We're currently on the process of moving towards MLServer, our next-gen inference server, where we've been working closely with the MLflow team to improve the existing integration with their artifacts. You can see an end-to-end example on how to use it "standalone" (i.e. locally) here, although you should also be able to enable it in Seldon Core by setting the protocol: kfserving field in your SeldonDeployment.

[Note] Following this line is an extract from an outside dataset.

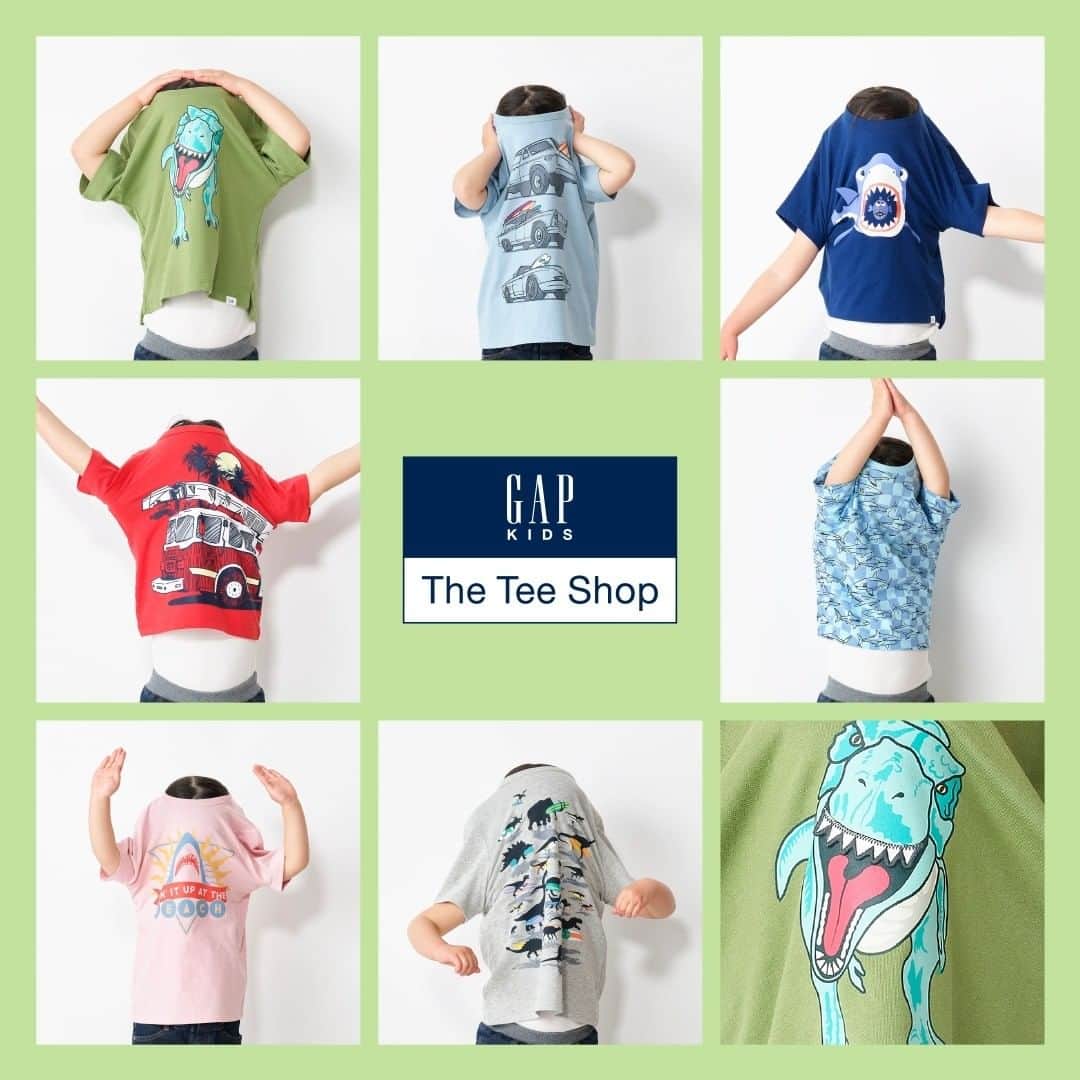 GapKids_jpのインスタグラム：「デザインのバリエーションが嬉しいグラフィックTシャツ。お気に入りの1着がきっと見つかる♪  アイテムはストーリーズハイライトからチェック✔  #TheTeeShop #グラフィックTシャツ #Tシャツ #GapT #キッズTシャツ」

Given that all new developments will generally be added towards the new inference server, we'd be really keen to also support this use case there. @carloszanella would you be able to give it a go and see what's the behaviour there? I imagine that the only change required on your custom code would be raising a MLServerError exception, which should then be caught by MLServer and processed correctly.
Conscious that it's quite an information dump, so happy to answer any questions!